Rosenthal, following the press conference that was held for the CRT bill, said the Small Business Jobs Survival Act, which is aimed at giving business owners an automatic ten-year lease renewal, is being looked at by the council’s counsel. The legislation has been languishing for decades though recently it has gained steam as neighbors have grown weary of seeing their local small businesses get pushed out by chains.

Later, a legislative rep at the office of Council Member Annabel Palma, the prime sponsor of the bill, told us while he isn’t aware of any legal research being done presently, there is currently a push to get business-oriented organizations involved in putting more constituent pressure behind the bill. There were, at last count, 27 Council members in support of it. However, due to concerns by critics that it is unconstitutional, it has yet to have a hearing, something Palma would like to see happen before the summer.

We hope getting this bill a hearing won’t take much longer than it already has. If the bill has legal issues, as critics such as the Real Estate Board of New York believe, then a hearing in the City Council chamber would be the best venue to explain why this is the case. (Since no one has explained it yet.) Then, if needed, the bill could be tweaked.

Meanwhile, everyday citizens also have a role to play here, and that’s shopping locally. Unless products at local businesses are overpriced or just not goods/services you’re interested in, there’s no reason to turn to the internet first just to find the cheapest option. Doing so on a regular basis speeds up the already present urban plagues of chainification and high rent retail blight. Remember, if you don’t vote (with your wallet), you don’t get to complain.

4 thoughts on “Editorial: Small businesses need pols’ help and ours

  1. The new rents being asked are so high, it’s not clear that the tax breaks would save these businesses. The real issue is why has the Small Business Jobs Survival Act been languishing in the city council for years. Generally supported by candidates when running for office & then nothing happens after being elected.

    We’ve already lost familiar, valued neighborhood businesses. All this discussion and elevation as an issue is coming a day late and a dollar short. Seems as if that’s the general pattern.

  2. Anyone who does a little research knows that the CRT bill does absolutely nothing to help small businesses if their landlord decides to raise the rent or not renew at all, which is becoming the norm. Dan Garodnicks stance that SBJSA is not legal is growing so old it’s unreal, and we must all do our part to make sure he never gets elected to another political position.

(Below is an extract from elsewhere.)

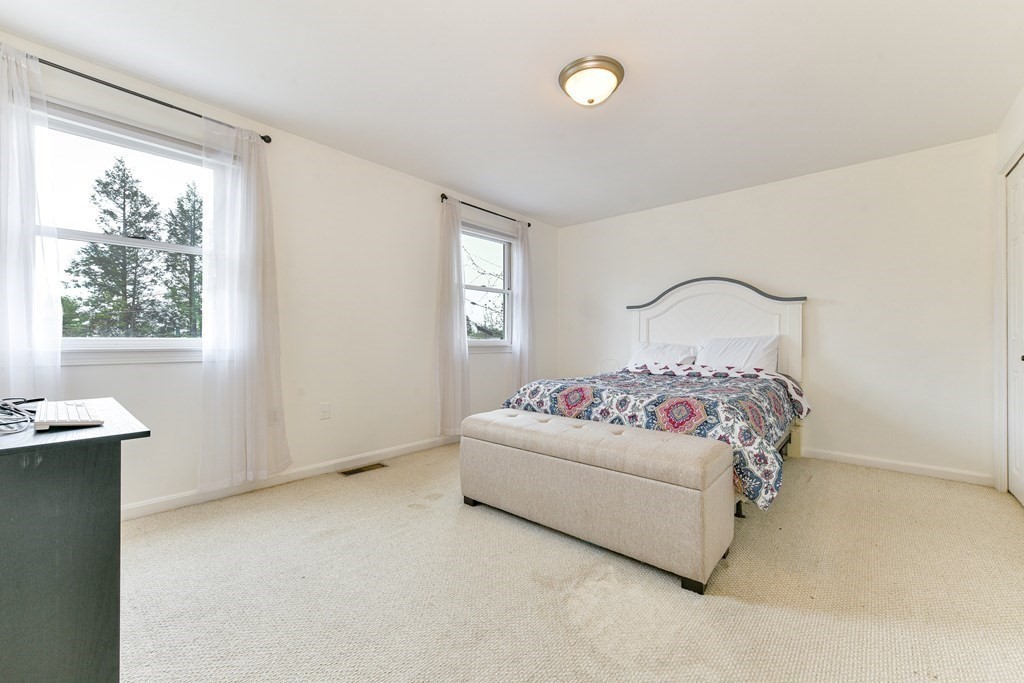4 Scherig Circle, Unit 4 Methuen, MA 01844 - Photo 23 of 28 a bedroom with a bed and window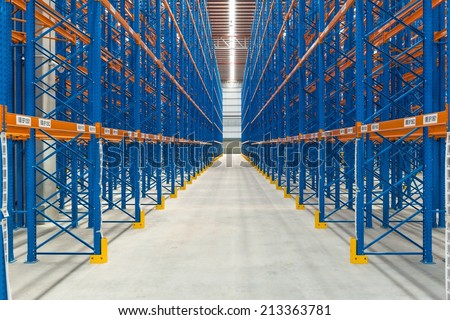 Inside an empty large generic warehouse with rack in place, taken in door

  3. If the small businesses want the politicians help they will have to BRIBE them. It’s the only way to get their help. Highest BRIBE wins. That’s why there’s a Target coming to 14th Street. Good luck to them.

  4. Shame on lawmakers for doing nothing for years as the crisis faced by small business owners grows worse. What is it that they don’t understand that every NYer knows, mom and pop can’t pay the same insane rents that banks and big franchises can. That greedy landlords are taking advantage of over real estate speculation to make a killing. Just give the business owners what they need to survive, the right to renewal their leases and the right to negotiate fair lease terms, level the playing field for them or they all will go out of business.
    REBNY will survive with real solution legislation but mom and pop will not without it.